Anchoring vs. Priming and Order Effects

These biases overlap, but naming the right one tells you how to fix it:

  • Anchoring vs. priming. Priming is when exposure to one concept influences responses to a later, related concept; anchoring is specifically a numeric or magnitude reference point that pulls quantitative estimates toward it.
  • Anchoring vs. question-order bias. Order bias is about how earlier questions reshape the context for later ones; anchoring is about a specific value becoming the starting point a respondent adjusts from. A price shown in question two can anchor an estimate in question five.

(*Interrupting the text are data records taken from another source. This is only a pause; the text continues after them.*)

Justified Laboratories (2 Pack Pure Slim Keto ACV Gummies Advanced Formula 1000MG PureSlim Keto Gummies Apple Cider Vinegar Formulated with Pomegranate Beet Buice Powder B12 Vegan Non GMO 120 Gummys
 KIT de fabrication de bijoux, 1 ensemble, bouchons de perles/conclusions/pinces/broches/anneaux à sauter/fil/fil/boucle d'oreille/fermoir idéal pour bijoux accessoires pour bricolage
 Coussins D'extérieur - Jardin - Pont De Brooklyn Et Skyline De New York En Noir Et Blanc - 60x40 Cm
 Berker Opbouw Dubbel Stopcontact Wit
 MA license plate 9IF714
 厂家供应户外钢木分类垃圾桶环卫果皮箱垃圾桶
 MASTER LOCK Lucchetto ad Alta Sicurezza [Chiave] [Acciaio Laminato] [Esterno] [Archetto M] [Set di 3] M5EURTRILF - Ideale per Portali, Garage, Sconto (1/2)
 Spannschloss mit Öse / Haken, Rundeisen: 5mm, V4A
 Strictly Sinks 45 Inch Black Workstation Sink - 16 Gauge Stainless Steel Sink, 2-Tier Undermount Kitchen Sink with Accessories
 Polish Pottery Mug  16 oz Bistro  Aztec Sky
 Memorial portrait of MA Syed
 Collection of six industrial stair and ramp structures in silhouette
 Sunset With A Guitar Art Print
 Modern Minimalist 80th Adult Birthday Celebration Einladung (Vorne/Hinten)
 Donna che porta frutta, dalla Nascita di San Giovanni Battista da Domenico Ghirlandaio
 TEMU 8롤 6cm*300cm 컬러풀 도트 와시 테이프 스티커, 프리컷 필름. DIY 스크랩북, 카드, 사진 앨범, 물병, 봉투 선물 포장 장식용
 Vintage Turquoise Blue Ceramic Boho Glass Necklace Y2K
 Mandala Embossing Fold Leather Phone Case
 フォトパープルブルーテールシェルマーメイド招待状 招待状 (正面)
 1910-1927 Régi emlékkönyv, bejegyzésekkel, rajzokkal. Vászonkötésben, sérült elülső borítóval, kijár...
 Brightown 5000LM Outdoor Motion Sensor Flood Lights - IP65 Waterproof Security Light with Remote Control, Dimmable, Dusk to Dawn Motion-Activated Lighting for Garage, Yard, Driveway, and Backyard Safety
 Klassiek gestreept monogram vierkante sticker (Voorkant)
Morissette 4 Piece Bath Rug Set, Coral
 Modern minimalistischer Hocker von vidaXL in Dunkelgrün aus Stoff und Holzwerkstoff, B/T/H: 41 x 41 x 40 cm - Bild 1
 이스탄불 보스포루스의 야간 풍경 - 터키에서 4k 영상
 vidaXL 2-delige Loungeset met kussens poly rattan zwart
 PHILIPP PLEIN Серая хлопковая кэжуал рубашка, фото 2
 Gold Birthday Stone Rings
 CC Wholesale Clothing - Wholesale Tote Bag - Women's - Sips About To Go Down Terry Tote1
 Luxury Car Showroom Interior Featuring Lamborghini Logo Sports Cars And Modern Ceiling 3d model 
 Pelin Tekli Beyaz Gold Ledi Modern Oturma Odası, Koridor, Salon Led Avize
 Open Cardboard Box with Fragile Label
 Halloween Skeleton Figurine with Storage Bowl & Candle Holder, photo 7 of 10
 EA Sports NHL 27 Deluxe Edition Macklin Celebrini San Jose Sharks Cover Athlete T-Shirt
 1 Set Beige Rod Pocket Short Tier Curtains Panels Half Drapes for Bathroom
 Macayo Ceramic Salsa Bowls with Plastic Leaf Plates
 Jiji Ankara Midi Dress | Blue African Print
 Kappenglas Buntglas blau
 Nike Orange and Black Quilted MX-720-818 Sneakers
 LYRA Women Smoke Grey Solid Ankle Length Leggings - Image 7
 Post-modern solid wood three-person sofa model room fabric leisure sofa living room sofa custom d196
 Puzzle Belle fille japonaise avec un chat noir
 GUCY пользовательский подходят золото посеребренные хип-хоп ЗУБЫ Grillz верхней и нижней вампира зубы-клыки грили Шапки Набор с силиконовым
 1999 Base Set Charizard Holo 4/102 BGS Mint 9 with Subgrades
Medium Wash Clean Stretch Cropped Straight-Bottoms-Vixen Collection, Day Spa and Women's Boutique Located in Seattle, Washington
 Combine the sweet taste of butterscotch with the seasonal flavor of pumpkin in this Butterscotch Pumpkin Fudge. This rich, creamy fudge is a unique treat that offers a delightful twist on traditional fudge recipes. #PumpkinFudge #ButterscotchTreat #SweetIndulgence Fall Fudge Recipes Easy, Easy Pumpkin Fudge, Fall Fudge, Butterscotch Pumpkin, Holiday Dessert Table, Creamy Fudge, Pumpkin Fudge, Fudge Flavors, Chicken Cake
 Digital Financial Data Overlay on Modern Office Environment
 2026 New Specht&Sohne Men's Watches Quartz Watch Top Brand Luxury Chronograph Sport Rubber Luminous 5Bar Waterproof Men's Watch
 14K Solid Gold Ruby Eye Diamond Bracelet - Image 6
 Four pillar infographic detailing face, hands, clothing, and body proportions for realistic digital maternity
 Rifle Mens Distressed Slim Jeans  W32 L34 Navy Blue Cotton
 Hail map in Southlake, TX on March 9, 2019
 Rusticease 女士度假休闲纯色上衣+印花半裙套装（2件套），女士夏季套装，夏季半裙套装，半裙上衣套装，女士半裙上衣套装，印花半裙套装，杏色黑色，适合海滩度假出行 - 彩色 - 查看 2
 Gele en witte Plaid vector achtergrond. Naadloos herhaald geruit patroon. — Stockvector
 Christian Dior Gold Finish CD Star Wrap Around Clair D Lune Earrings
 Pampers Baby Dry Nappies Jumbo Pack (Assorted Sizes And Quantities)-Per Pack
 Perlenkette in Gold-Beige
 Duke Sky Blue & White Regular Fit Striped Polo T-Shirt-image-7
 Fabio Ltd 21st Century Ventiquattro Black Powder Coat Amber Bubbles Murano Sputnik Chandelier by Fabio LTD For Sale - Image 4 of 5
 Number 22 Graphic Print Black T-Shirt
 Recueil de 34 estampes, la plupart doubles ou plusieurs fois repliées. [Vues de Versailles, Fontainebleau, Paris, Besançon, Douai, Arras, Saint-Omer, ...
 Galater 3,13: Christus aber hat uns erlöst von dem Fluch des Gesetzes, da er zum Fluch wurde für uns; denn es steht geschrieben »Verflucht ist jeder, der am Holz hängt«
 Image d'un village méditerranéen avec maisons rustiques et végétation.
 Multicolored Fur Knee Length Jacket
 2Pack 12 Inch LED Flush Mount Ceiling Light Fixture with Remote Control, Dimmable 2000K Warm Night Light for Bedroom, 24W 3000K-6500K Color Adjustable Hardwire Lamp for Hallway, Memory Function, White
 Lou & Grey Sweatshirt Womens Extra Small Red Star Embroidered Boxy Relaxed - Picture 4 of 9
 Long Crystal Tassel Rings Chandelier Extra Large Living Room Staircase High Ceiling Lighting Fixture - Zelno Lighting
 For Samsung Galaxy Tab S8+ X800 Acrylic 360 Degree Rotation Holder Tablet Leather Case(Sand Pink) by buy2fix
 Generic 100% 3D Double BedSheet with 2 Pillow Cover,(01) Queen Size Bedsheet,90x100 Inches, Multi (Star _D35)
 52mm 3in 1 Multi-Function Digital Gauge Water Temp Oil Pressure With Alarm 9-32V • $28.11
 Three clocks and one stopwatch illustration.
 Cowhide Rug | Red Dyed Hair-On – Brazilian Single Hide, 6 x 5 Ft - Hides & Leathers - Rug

A worked example: a B2B pricing interview

You are testing pricing for a new analytics tool. The lazy script asks, "Our Pro plan is $499 per month — does that feel reasonable?" Every buyer now anchors on $499. Those who would have volunteered $700 round down; those who privately thought $200 feel the gap, say "a bit high," and let their stated number creep toward $499. Your demand curve is quietly compressed around the anchor you planted.

The unanchored script instead opens: "Before I show you anything, what would you expect a tool that does this to cost per month — and how did you arrive at that figure?" You capture the real distribution first, then probe reactions to specific tiers later. The two scripts can produce willingness-to-pay estimates that differ by hundreds of dollars per seat — which is the difference between a viable price and a broken one. The anchor is not a detail; it is the experiment.

A Field Checklist for Defusing Anchoring Bias

Before fielding a pricing or estimation study, confirm that:

  • You ask an open_ended expectation question ("What would you expect this to cost?") before showing any number.
  • No question wording contains a numeric prime such as "more or less than X."
  • Option and tier order is randomized across respondents.
  • Scales use consistent, pre-set ranges so results stay comparable across studies.
  • Pricing questions use an unanchored method (Van Westendorp or Gabor-Granger) rather than a single "is $X reasonable?" prompt.
  • Every numeric answer is followed by a "how did you arrive at that?" probe.
  • The first figure mentioned in any buyer interview is the participant's, not yours.

Bottom line: in pricing and estimation research, the first number on the table is rarely neutral — it becomes the gravity well every later answer falls toward. Tversky and Kahneman moved world-fact estimates with a roulette wheel; Ariely moved willingness-to-pay with Social Security digits. If an arbitrary number can do that, the price you casually mention in question one will absolutely reshape your demand curve. Capture the unanchored answer first, probe the reasoning, and randomize whatever you can. AI-moderated interviews run that disciplined sequence on every participant, turning anchor-free elicitation from a best practice you forget under deadline into the default path.

One more trap worth naming: do not let a competitor's price set the anchor either. If you open with "Acme charges $50 — what would you pay us?", you have simply borrowed someone else's anchor instead of planting your own. Establish the buyer's independent reference point first, then introduce competitive context only once their unanchored expectation is safely recorded.